Thanks for your comments about panentheism. Coming from Matthew Fox's university, I heard a lot about it and it made intuitive sense to me, as you say, as a way to understand my felt experience. But I also heartily agree with Michael York's cautions about the term and its strategic uses.

Still, telling humans to not add seems destined to fail. I think a better course (which perhaps he is doing) would be to outline the pitfalls and caveats of panentheism, and acknowledge that it makes a lot of sense too--not just for those of us who came from Christian backgrounds originally, but for those who naturally see the whole as more than the sum of its parts.

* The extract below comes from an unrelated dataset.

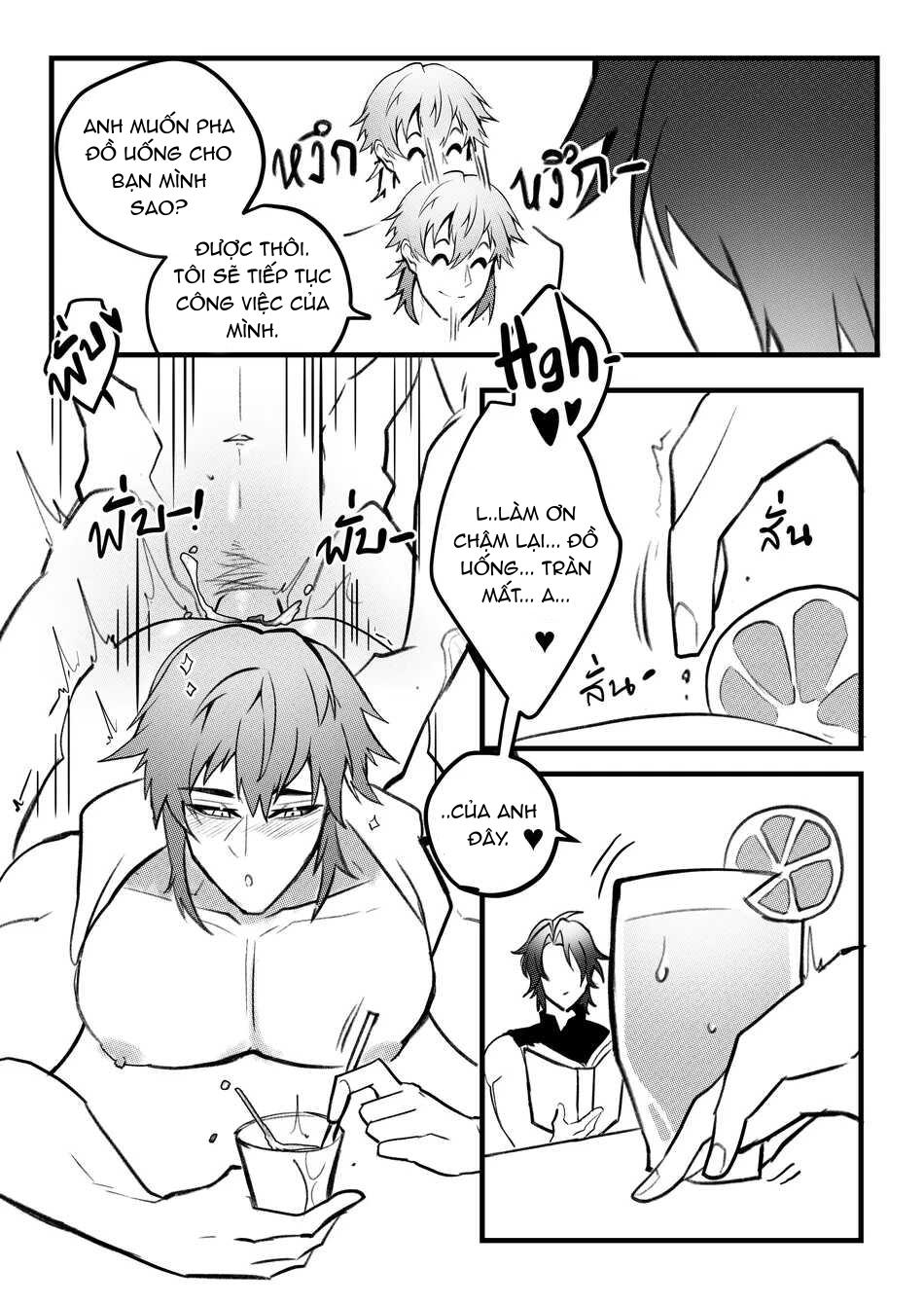 (Vicera) Honkai Star Rail Chapter 25 All Caelus - Trang 3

(And if you're interested I'll send you a paper I wrote for my doctoral studies critiquing creation spirituality's approach to non-Christian spiritualities...)

Carol Maltby said...

I'd not met Canu in person and still haven't, as I only saw him when I wandered into the end of last night's Grand Council session, and didn't get to say hi. But I recall his clarity and good cheer from the Weavers list, and seeing him in operation at the meeting showed what seemed to be endless reserves of groundedness and focus.

I see that the Michael York Amazon page you link to gives the bio of Michael York the actor!

It was really good to finally be able to put faces, voices, and energy to people I'd only only previously known through their writing. Thanks to the members of Weavers for all their hard work in putting this on.

Anonymous said...

Hi Cat! This is Canu posting. One of my friends here in Florida let our Local Council know that you mentioned seeing me at MerryMeet. It's good to read your reflections on the event, especially since I had to spend so much time chairing the meeting. I don't have an account here, so I guess this will come in as "anonymous," although that isn't intended.

The excerpt of the song I sang for you is from Taleisin's Song by Damh the Bard. I don't have all of the lyrics written out, as I've just tried to learn the words by memory. I think that the album it is from is available through iTunes, but I couldn't find it on Amazon. It's well worth a listen!

As usual, our contact had the immediacy of great magick, the sense of something that is Supposed To Happen Now and that the years we've spent apart were a little pause in our conversation. Seeing you again was a boon, my friend, and one that helped me stay grounded and centered during the whole of MerryMeet.

I don't usually get over here to check in on your blog, but will try to be back from time to time. It was absolutely great to see you in person, dear! I hope I can sing for you again sometime. :)

Blessings and love to you, Cat.

Canu

Erik said...

Not sure about iTunes, but I know you can get all of Damh's CDs directly from his website - http://www.paganmusic.co.uk/. (They're kind of pricey, but IMO worth it...)

He also has a songbook.

Kisses said...

I'm a panentheist and I get a little bemused at some of the discussions out there.

York doesn't like panentheism because it might lead down a monotheistic road.

NT Wright (Anglican Bishop) doesn't like panenetheism because it might lead to pantheism and paganism.

Both seem to think pantheism = paganism, which is not true. In fact, Keith Ward (an Anglican philosopher) convincingly argues that many of the cultures that we, in hindsight, like to call pantheistic, were actually panentheistic, and that true pantheism was a rarity.

So anyway, yeah, I think that God/dess contains the universe and manifests it, but is also more than the sum of Her parts.

Great post. Hope my response didn't come across as argumentative, as it was not meant to be. I was just musing out loud, so to speak.